Bij ‘De vanzelfsprekendheden van Peter Verstegen’ (Filter 1/1):
Antwoord aan Matthijs Bakker
De redactie van Filter heeft mij maar beperkte ruimte geboden om in te gaan op Bakkers filippica tegen mijn proefschrift Vertaalkunde versus vertaalwetenschap, in het eerste nummer van dit blad, zodat ik zeer bondig zal antwoorden.

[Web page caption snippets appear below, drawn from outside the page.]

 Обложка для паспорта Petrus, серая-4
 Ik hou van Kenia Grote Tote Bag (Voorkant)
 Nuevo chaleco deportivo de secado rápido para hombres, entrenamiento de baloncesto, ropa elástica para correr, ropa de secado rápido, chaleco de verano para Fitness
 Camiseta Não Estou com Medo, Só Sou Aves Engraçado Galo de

1) Dat de vertaalwetenschap het onderscheid tussen bewerking en vertaling verdoezelt, verdedigt MB met het argument dat men zich anders ‘een enorm gebied van verschijnselen van onderzoek’ zou ontzeggen, ‘verschijnselen die niettemin grote relevantie als vertaling hebben of hebben gehad, die een bron kunnen zijn van kennis over vertaling’ (p. 23). Hoogstens kennis over bewerking, zou ik zeggen, en die kennis komt altijd neer op: de bewerker verandert naar het hem uitkomt. Bewerken kan nodig zijn, in het bedrijfsleven en ook wel in de toneelwereld, maar het is een principieel ander proces dan vertalen. Wat ik de ‘intrinsieke vertaalnorm’ heb genoemd (volgens MB een leeg begrip) betekent dat een vertaler de integriteit van de te vertalen tekst niet mag aantasten, zoals de bewerker dat doet.

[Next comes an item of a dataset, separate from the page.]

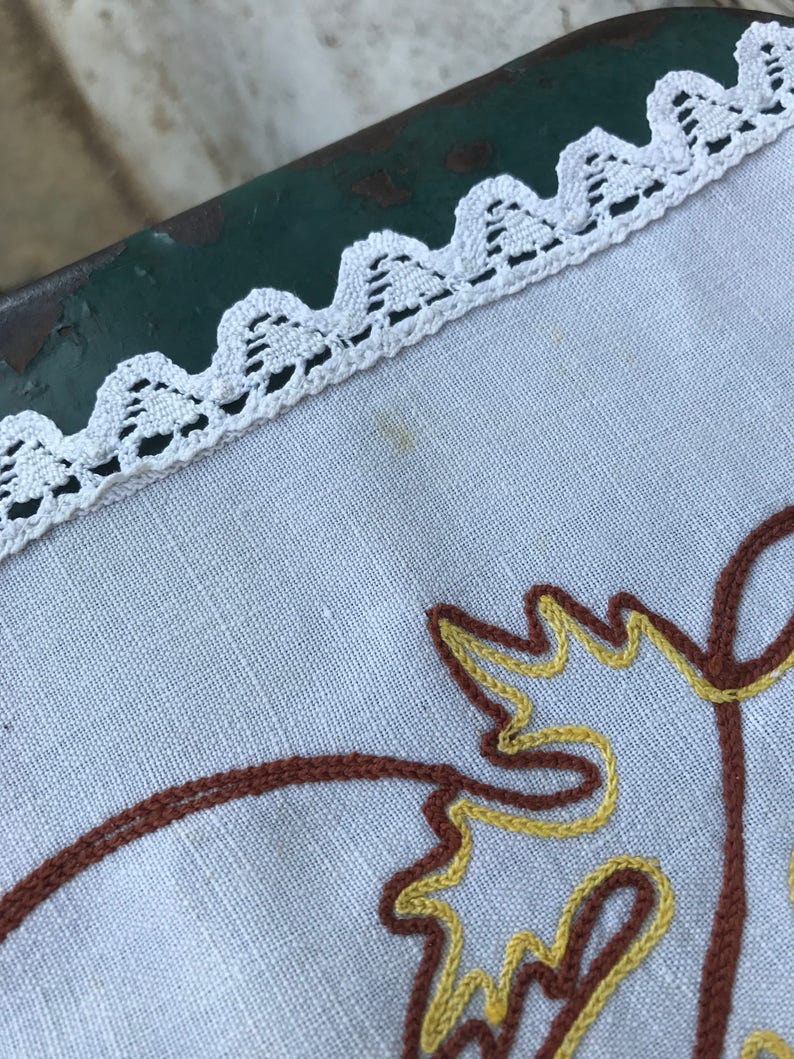 French Embroidered Dressing Table Mats - Etsy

2) MB scheert Nabokov en Ezra Pound over één kam door te zeggen (p. 24) dat ze zich aan zo’n intrinsieke norm niets gelegen lieten liggen. Dit geldt alleen voor de bewerker Pound; Nabokov schoot door naar het andere uiterste en sloot zich aan bij een doctrinaire traditie van letterlijkheid.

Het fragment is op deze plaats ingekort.